The cockpit was bog standard and Poe had no trouble getting them into atmo and then into the big wide open. Though since they’d approached the borders of Wild Space he’d felt more and more on edge, as if the unmapped blackness had a malevolent sentience. Where in all that mess would they even find a planet that could think and move itself around how it pleased?  
  
“A Force trance,” Zawati said when he expressed his concerns to her. “If it still lives, I should be able to find it. Though these things go better if you have helpers.”  
  
Despite what Jess had said to Zawati earlier, she piped up before Poe could even ask what that meant.  
  
“I’ll do it.”

Zawati turned to look at her, and Poe thought it was possibly the first time he’d seen anything approaching shock on Zawati’s face.  
  
“I mean, as long as you don’t need to eat me at the end like a spider or anything,” Jess added. As Poe watched, she blushed. For the first time Poe wondered at her willingness and the reasons for it.  
  
“It needn’t be so permanent as all that,” Zawati said, and it took Poe a minute to catch up to the innuendo. He was famously impervious to flirting, but only because he almost never noticed it happening. He rolled his eyes and returned his attention to the panel of flight instruments, glad that this time they appeared more functional than the the ones in the ship they’d ditched.  
  
_Hell,_ he thought, setting the ship to cruise, _surprised they haven’t fucked yet._  
  
He knew what Jess was like, let alone Zawati, who reminded him of a spider on a regular basis. Jess had well and truly wandered into that web, even if she wouldn't have admitted it.  
  
“Come then,” Zawati said, standing and offering Jess her hand. Jess took it, letting Zawati draw her out of her chair.  
  
“Okay,” Poe called out as they disappeared down the hallway, “I’ll just….be here. You know. Piloting the ship."

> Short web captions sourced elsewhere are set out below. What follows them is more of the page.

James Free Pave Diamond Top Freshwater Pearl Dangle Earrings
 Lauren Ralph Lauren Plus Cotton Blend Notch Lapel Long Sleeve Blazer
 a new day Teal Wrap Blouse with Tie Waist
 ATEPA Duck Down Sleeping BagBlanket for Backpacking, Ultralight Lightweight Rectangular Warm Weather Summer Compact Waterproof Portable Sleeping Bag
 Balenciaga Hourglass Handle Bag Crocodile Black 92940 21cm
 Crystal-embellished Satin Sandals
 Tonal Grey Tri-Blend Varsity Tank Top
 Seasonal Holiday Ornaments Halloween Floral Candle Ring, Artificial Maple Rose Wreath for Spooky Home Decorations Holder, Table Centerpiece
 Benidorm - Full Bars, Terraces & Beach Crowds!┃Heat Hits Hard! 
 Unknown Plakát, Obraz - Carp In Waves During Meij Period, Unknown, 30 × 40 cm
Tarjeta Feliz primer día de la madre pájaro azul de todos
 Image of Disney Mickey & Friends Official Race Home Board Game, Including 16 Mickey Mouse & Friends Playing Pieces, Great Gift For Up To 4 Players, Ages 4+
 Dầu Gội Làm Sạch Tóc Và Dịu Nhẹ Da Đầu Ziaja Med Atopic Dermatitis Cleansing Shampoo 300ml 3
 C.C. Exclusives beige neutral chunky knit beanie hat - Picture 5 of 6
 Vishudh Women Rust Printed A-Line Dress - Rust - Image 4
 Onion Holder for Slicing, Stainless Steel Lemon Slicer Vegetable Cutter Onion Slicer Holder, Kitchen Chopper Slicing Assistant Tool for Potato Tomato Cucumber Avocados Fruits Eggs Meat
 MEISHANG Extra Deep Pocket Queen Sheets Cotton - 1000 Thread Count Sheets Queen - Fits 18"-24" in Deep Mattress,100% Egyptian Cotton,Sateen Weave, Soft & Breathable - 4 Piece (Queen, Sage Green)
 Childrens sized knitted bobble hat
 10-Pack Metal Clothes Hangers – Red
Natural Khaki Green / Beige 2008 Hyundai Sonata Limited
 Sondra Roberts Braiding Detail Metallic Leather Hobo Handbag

They didn’t say anything back and, watching them walk off hand in hand, he doubted they’d heard him at all.

"Heh. You kids have fun," he said to the empty air.

* * *

 

“Thank you, Jessika,” Zawati said as they left the cockpit, and even Jess who half the time felt real uncharitable towards her had to admit the witch sounded sincere. Jess stopped in the dusky hallway; they hadn’t bothered powering up all the lights in their eagerness to continue their journey into Wild Space.  
  
“There’s something between you and me, isn’t there?” Might as well just say it outright. Zawati frowned, and Jess thought she looked afraid, or all things.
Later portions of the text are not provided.